Mark Pomerantz, who has a long career as a federal prosecutor and trial attorney, was sworn in earlier this month as an assistant district attorney, The New York Times first reported.
Pomerantz has joined the team assembled by District Attorney Cyrus Vance to investigate whether the Trump Organization committed insurance and tax fraud, and falsified records, The Times reported.
Reuters reported that in his new role, Pomerantz interviewed Michael Cohen, Trump’s former personal attorney and fixer, on Thursday.
Insider has contacted the Manhattan District Attorney’s Office for confirmation of the hire.
In court documents, the office has said that its investigation is focused on “possibly extensive and protracted criminal conduct” at the Trump Organization, the umbrella company for Trump’s various business interests.
Trump has long denied any wrongdoing, claiming that the investigations are politically motivated.
Vance’s investigation is the only known criminal probe being conducted into Trump’s business dealings, with a civil probe by New York Attorney General Letitia James investigating whether Trump falsely reported property values to secure loans and tax benefits.
Pomerantz has several decades of experience as a trial lawyer and litigator, having led the criminal division of the US Attorney’s Office for the Southern District of New York between 1997 and 1999.
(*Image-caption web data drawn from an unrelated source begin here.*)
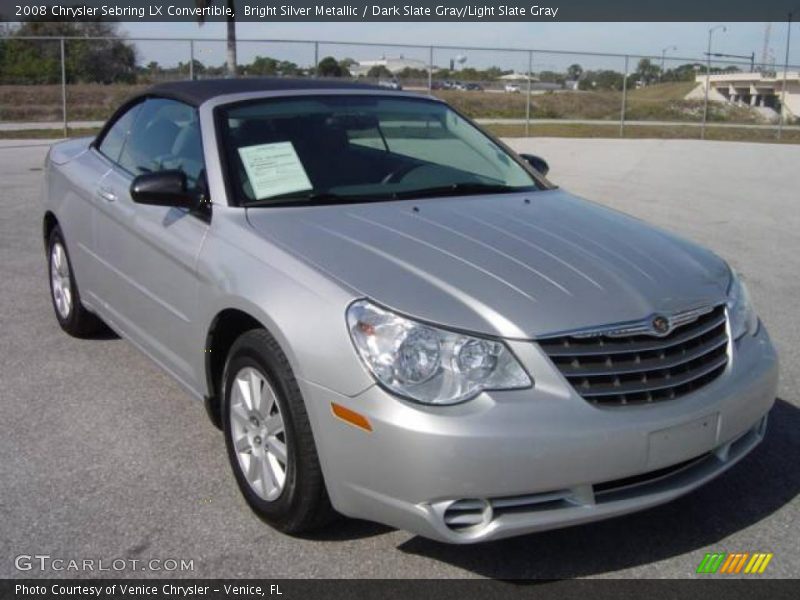 Bright Silver Metallic / Dark Slate Gray/Light Slate Gray 2008 Chrysler Sebring LX Convertible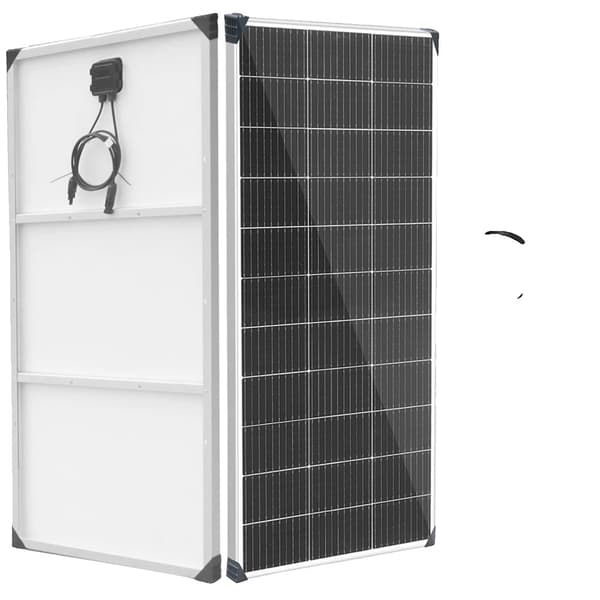 Solpanel, 150W effektudgang, holdbar aluminiumsramme,300w 2 stk 150w sæt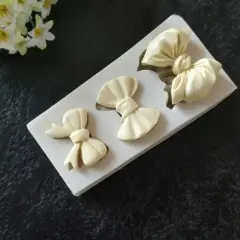 Perfect Puff Bow Trio Silicone Mold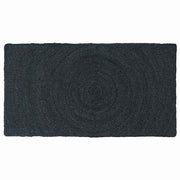 Vloerkleed 60 x 110 cm jute donkergrijs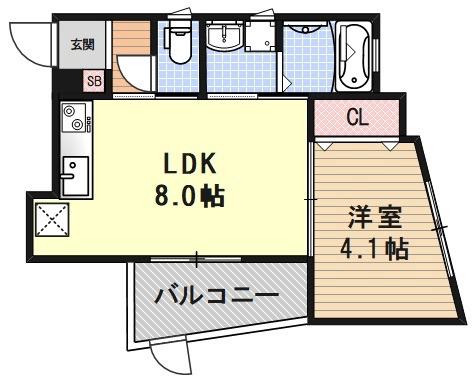 プライベートレジデンス出町柳の間取り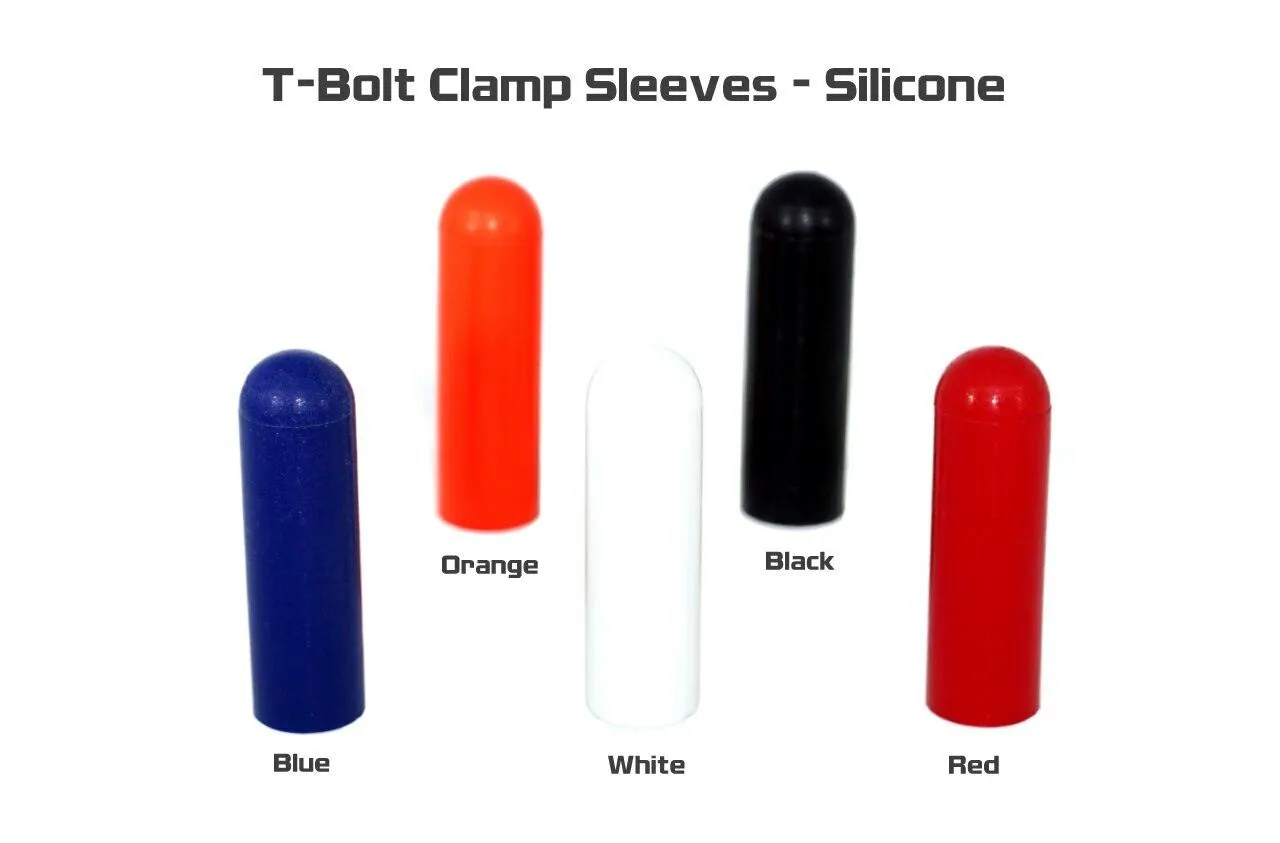ZSPEC T-Bolt Clamp Dress Up Sleeves/Caps, Silicone-Rubber, 10-Pack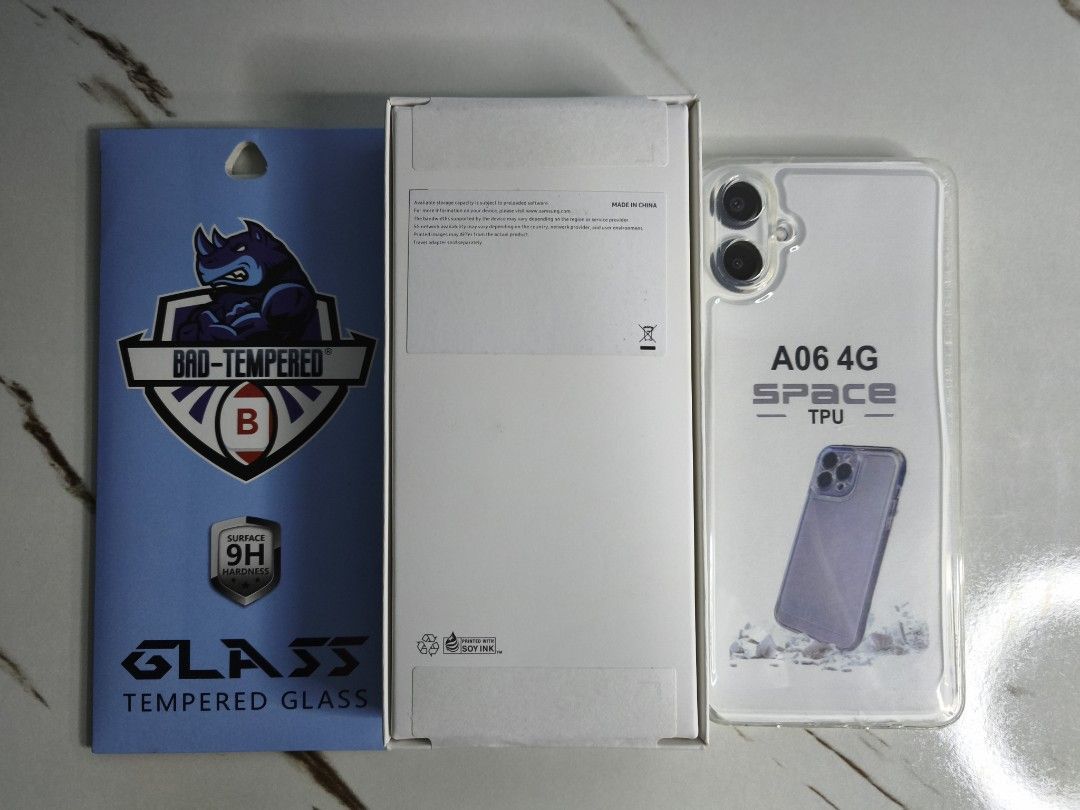 Samsung Galaxy A06 5G (Category: Samsung) located in Floridablanca. Submitted by vintager12 (Listing ID 1453894199, Image 2). Description: - Brand: Samsung - Model: Galaxy A06 5G - Storage: 128GB - Color: Light Gray - Condition: Brand new, sealed - Feel free to ask questions!.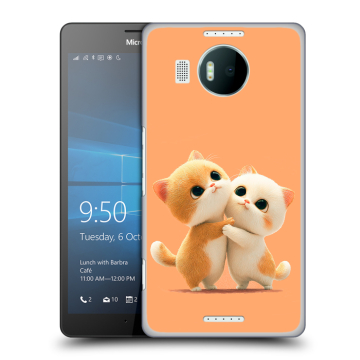 Пластиковый чехол на Microsoft Lumia 950 XL с принтом Милые котики Пластиковый чехол на Microsoft Lumia 950 XL с принтом Милые котики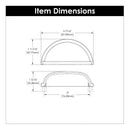 Cup Pulls on Cabinet Doors 3 Inch Center to Center - Hickory Hardware - Williamsburg Collection Load image into Gallery viewer, Cup Pulls on Cabinet Doors 3 Inch Center to Center - Hickory Hardware - Williamsburg Collection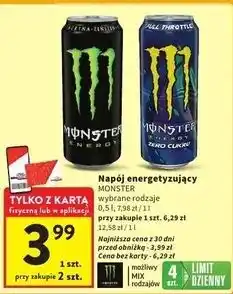 Intermarche Napój energetyczny zero Monster Energy Full Throtle oferta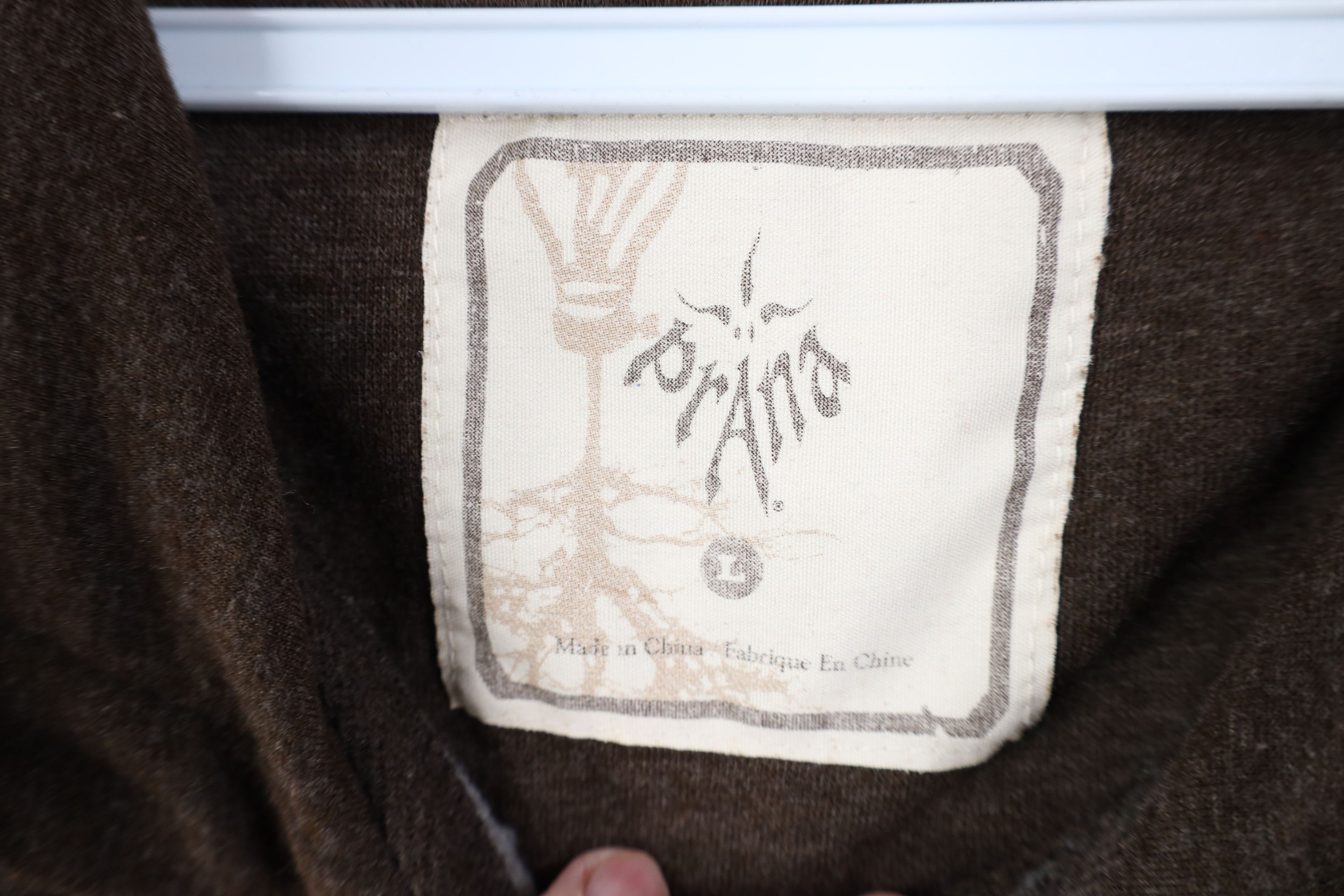 Prana Vintage prAna Breathe Spell Big Logo Full Zip Hoodie Brown Size US L / EU 52-54 / 3 - 9 Thumbnail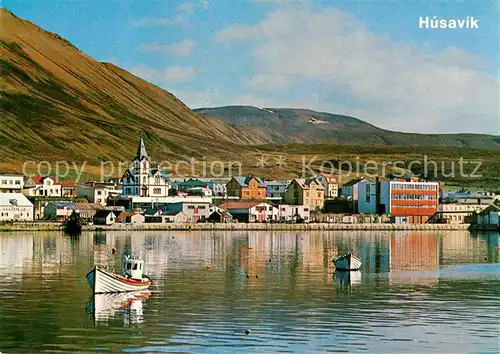 AK / Ansichtskarte Husavik Panorama Fischereihafen 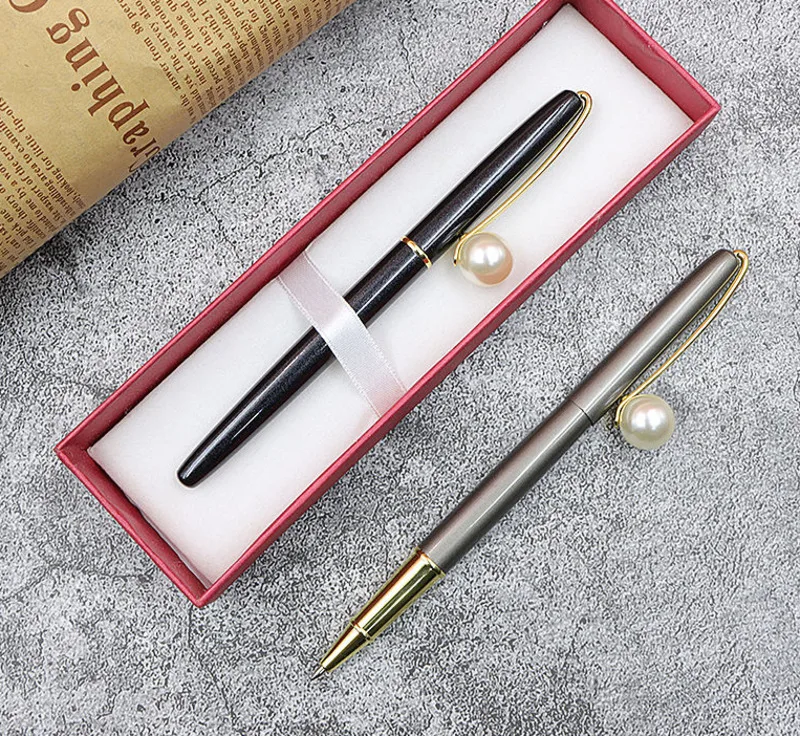 

Japan And Korea Fashion Pearl Metal Signature Pen,signature Pen, Personalized Gift Pen, Gel Pen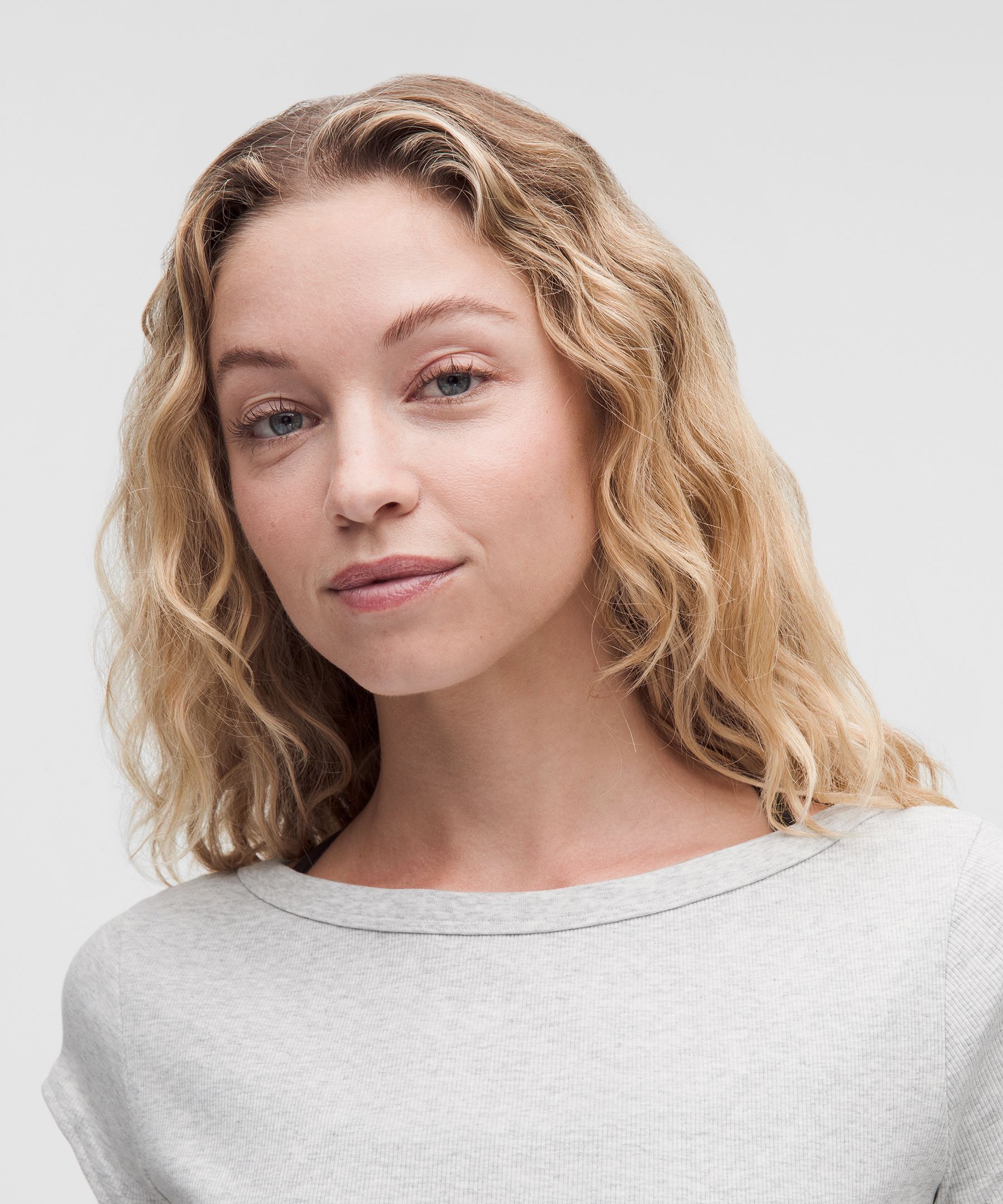 Little Ribbed Boatneck Tee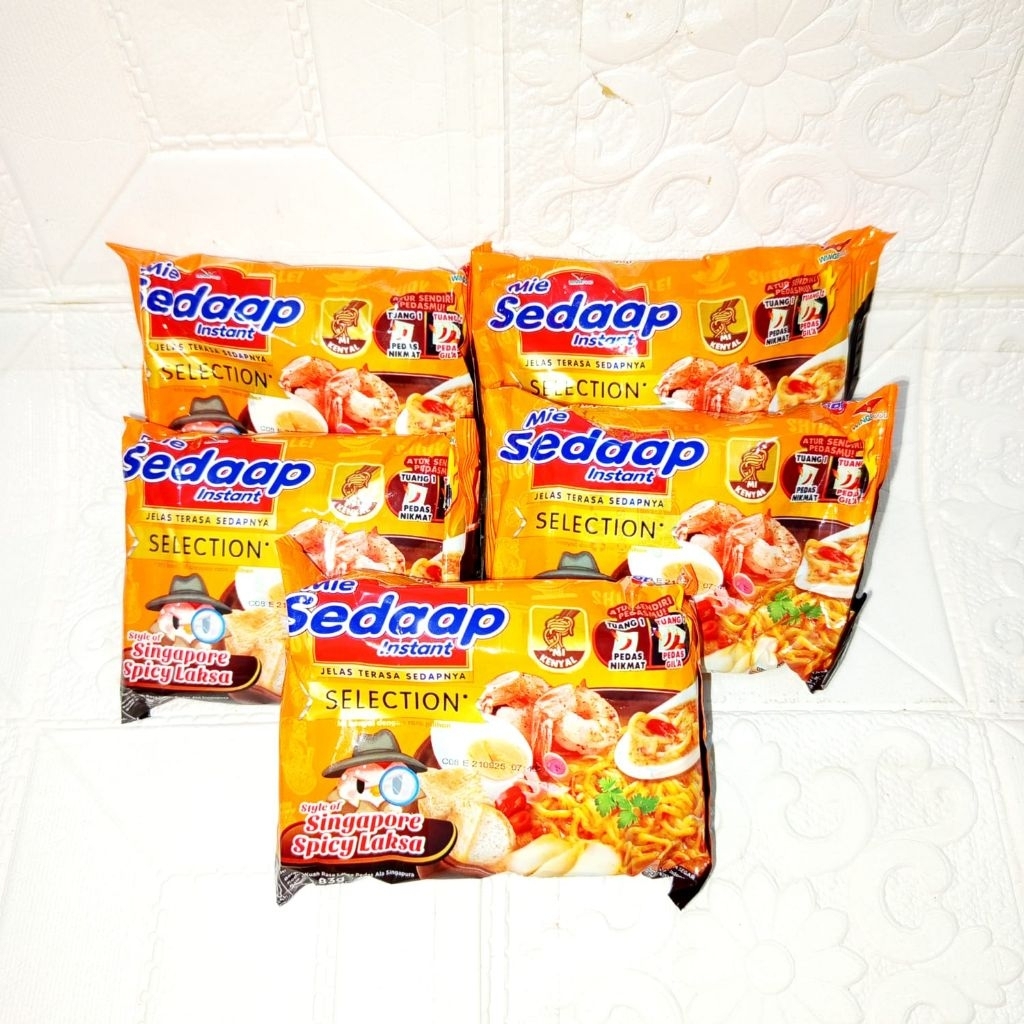 

paket 10 pcs mie sedaap laksa singapore mie kuah
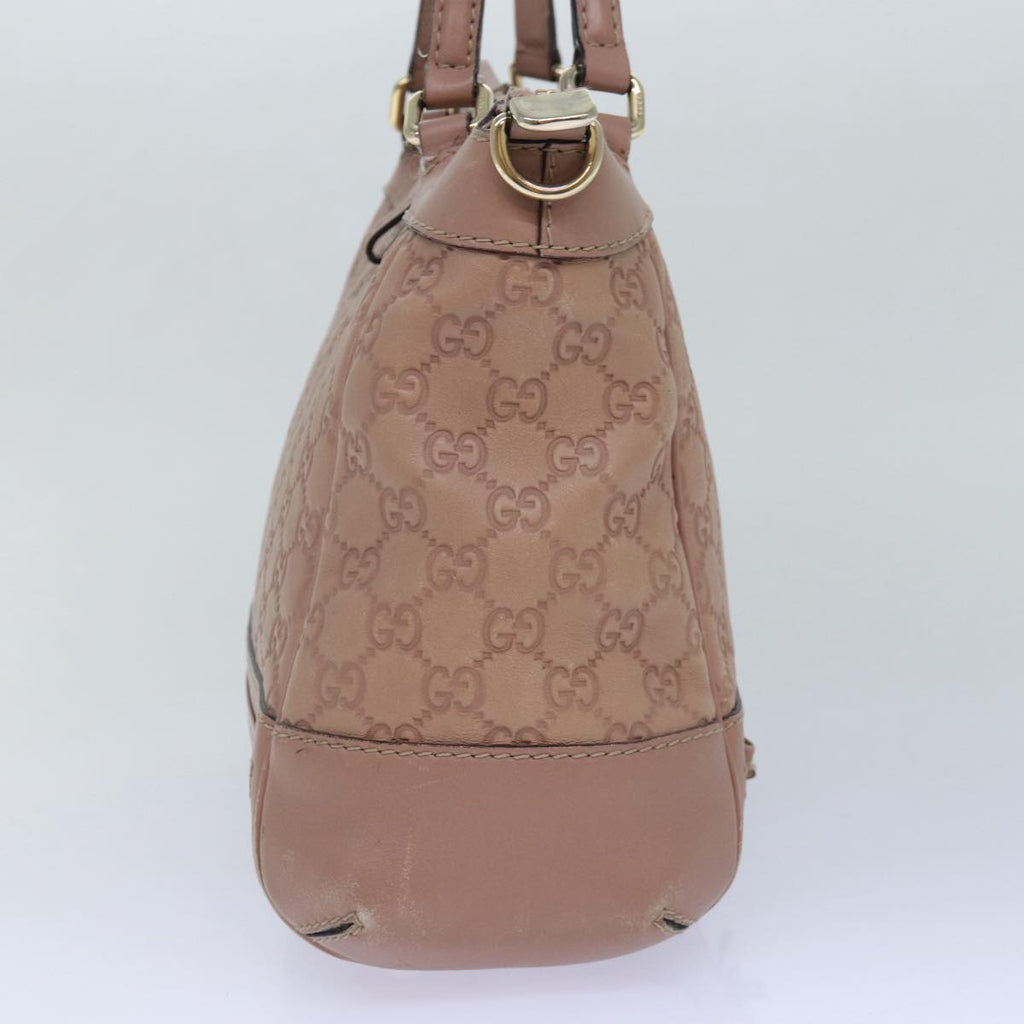 GUCCI GG Canvas Guccissima Hand Bag 2way Pink 269894 84765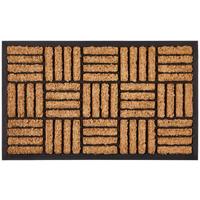 Fußmatte Khloe 45x75 cm Gummi/Kokos Rutschfest - Hellbraun, KONVENTIONELL, Naturmaterialien/Kunststoff (45/75cm) - Ondega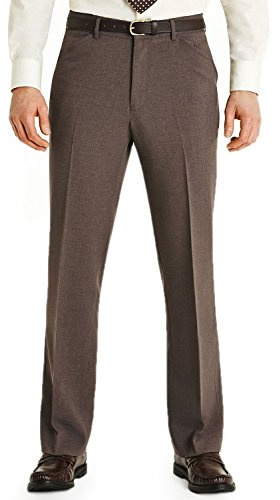 Farah Men's Frogmouth Pocket Trouser Stylish and Versatile Formal Pants Bark 34W / 33L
During his time in the job he oversaw the prosecution of several organized-crime cases, including that of John A. Gotti, the son of the Gambino crime family boss John J. Gotti, on racketeering charges. According to The Times, Pomerantz was involved in the 1988 case which established the legal definition of racketeering, which has been used to prosecute organized-crime figures.
After his stint at the US attorney’s office, Pomerantz then moved into private practice.
According to his profile on the University of Pennsylvania’s website, where he serves on the advisory board for the Quattrone Center for the Fair Administration of Justice, Pomerantz has “has handled major matters and internal investigations involving all aspects of alleged corporate misconduct, including securities and bank fraud, mail and wire fraud,” as well as organized-crime offenses, tax crimes and bribery.